- Sluitstuk , Onderzoek
- 06/06/2016
Sluitstuk | Brandstof uit nanodraadjes
Met nanodraden van galliumfosfide wist de Engelse promovendus Anthony Standing zonlicht om te zetten in een ‘groene’ brandstof. Zijn werk in de groep Photonics and Semiconductor Nanophysics leverde hem dan ook een artikel op in het toonaangevende tijdschrift Nature Communications.
De nanodraden waar Anthony Standing mee werkte, waren zo’n honderd nanometer in doorsnede - duizend keer dunner dan een mensenhaar. Die flinterdunne draadjes zijn uitzonderlijk goed in staat om zonlicht om te zetten in elektriciteit, vertelt de Engelsman. “Zeker als je rekening houdt met hoe weinig materiaal je ervoor nodig hebt.”

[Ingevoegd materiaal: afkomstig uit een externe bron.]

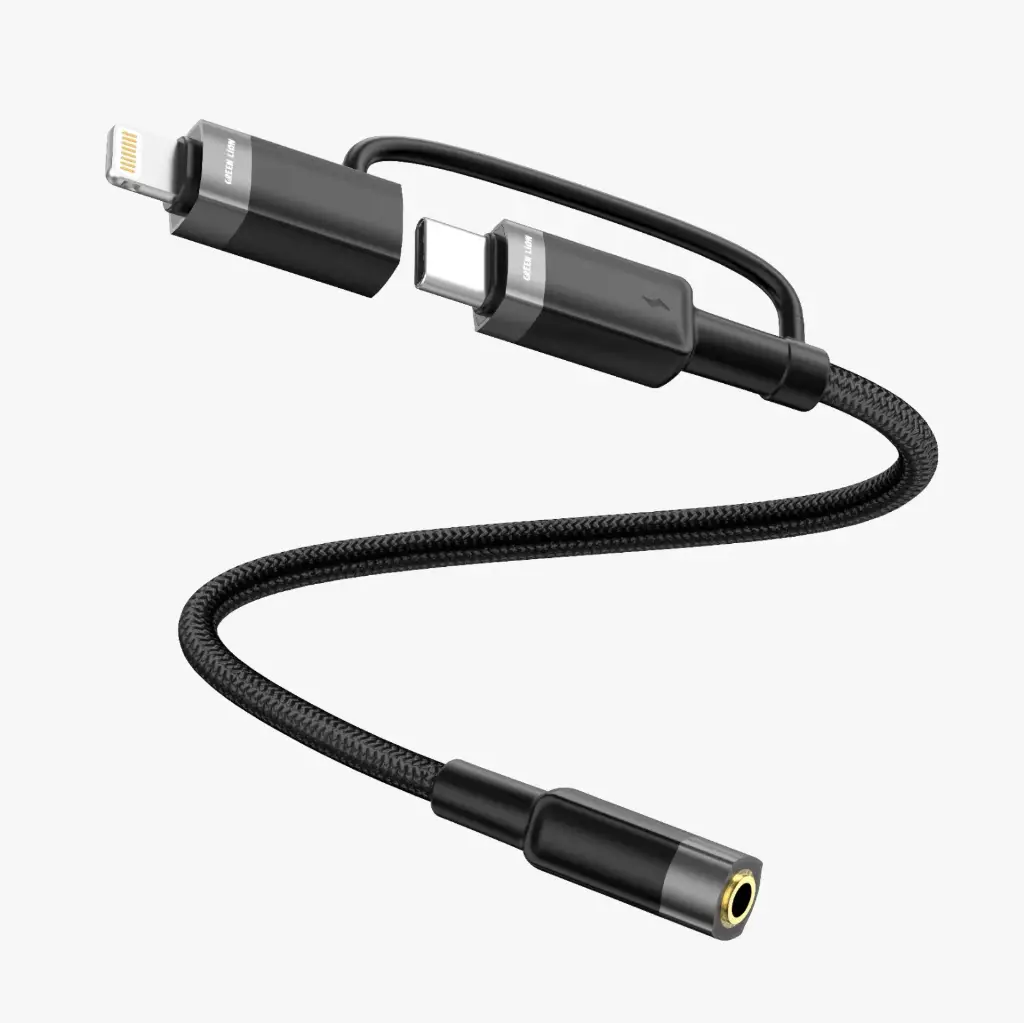 وصله صوت 2 في 1 من Green Lion USB-C/Lightning إلى 3.5mm - أسود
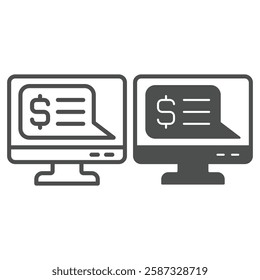 Dollar message at monitor screen line and solid icon, financial advice concept. Vector graphics. Money maker display sign on white background, outline style icon for mobile or web design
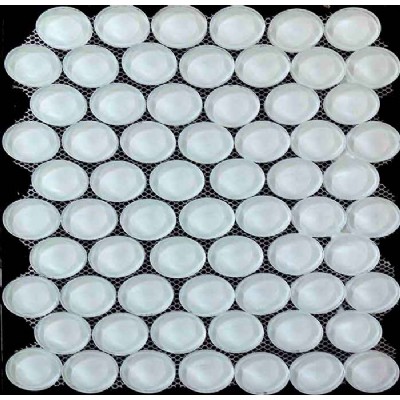 Super White Pebble Glass Mosaic Tile KSL-16631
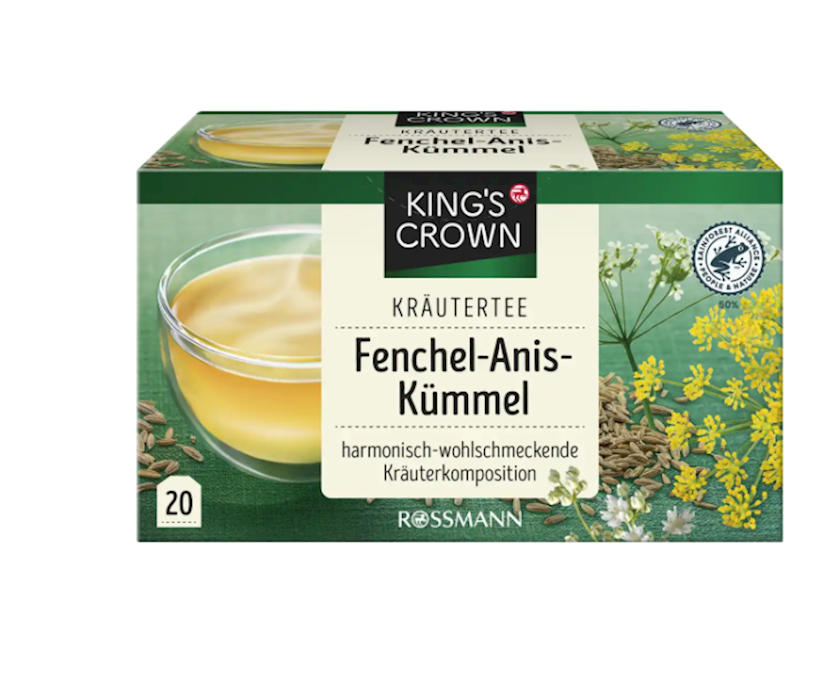 Çay Kings Crown Kräutertee Fenchel-Anis-Kümmel, zirə, razyana və anis, 20 əd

Nu is dat maar goed ook, want de halfgeleider galliumfosfide waaruit de nanodraden zijn gemaakt, is allesbehalve goedkoop. “Daarom hebben we in onze groep een methode ontwikkeld om de nanodraden los te maken van de ondergrond waarop we ze laten groeien. Zo’n flinterdun plaatje galliumfosfide van tweehonderd micrometer dik en een doorsnede van tien centimeter kost namelijk al zo’n tweehonderd euro. Die wil je graag kunnen hergebruiken.” Standing kreeg het voor elkaar om veel dunnere nanodraadjes te ‘oogsten’ dan voorheen mogelijk was.

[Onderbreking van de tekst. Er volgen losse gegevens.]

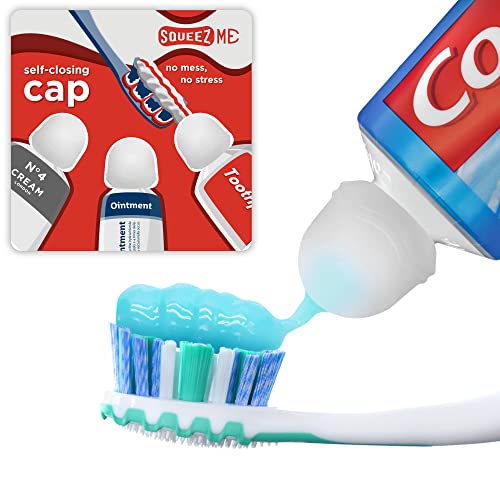 Toothpaste Caps SqueezMe by Chrome Cherry, Self-Closing Silicone Caps, Mess-Free Toothpaste...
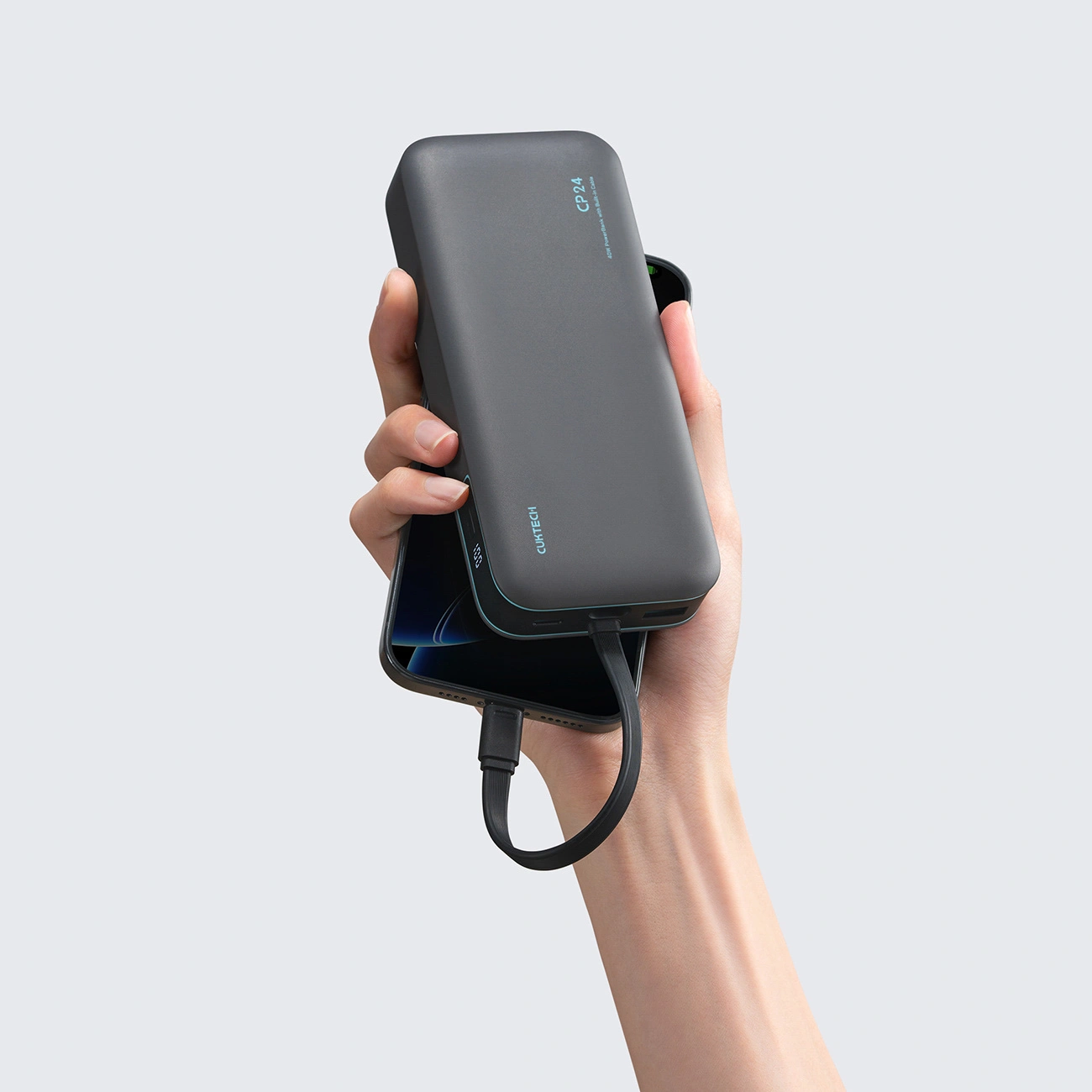 Eksterna baterija Cuktech LPB200N, 20000mAh, 40W, QC + PD, 1 x USB-A - 2 x USB-C, Crna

Toen hij begon aan zijn onderzoek, werkten de nanodraden nog lang niet zo goed als conventionele zonnepanelen. Sindsdien heeft hij de efficiëntie van de nanodraden echter weten te verduizendvoudigen, zodat ze nu zo’n tien keer beter werken dan conventionele zonnepanelen. Met zijn nanodraden vestigde hij naar eigen zeggen uiteindelijk een ‘wereldrecord’ waterstofproductie uit zonne-energie met galliumfosfide. “De efficiëntie ligt boven de tachtig procent van het theoretisch maximum”, vertelt Standing. “Dat is uitzonderlijk hoog, zeker als je in ogenschouw neemt dat je voor dit theoretisch maximum het zonnepaneel op het absolute nulpunt van -273 graden zou moeten houden. Dat is uiteraard niet realistisch.”
Eerste auteur
Bovengenoemde resultaten leidden vorige zomer zelfs tot een publicatie in Nature Communications, met Standing eervol als eerste auteur. Toch eindigt de academische carrière van Standing na zijn promotie. Hij en zijn Nederlandse vrouw, die hij in Cambridge leerde kennen en voor wie hij ooit naar Nederland kwam, hebben vorige maand een zoontje gekregen. “Mede daarom heb ik geen zin om als postdoc de wereld over te trekken.”
De Engelsman heeft hier inmiddels een baan gevonden als consultant voor een bedrijf in conventionele zonnepanelen. “Uiteraard snap ik ook hoe die panelen werken, en ik heb ervaring met het testen van zonnecellen. Dat kan bijvoorbeeld door er een spanning op te zetten en te kijken naar het licht dat ze dan uitzenden; in ‘reverse mode’ als het ware.”
Standing gelooft in een toekomst voor nanodraden, zegt hij. “Ze hebben veel voordelen, maar ik verwacht wel dat het nog zeker tien jaar zal duren voordat je ze in commerciële zonnecellen kunt aantreffen.”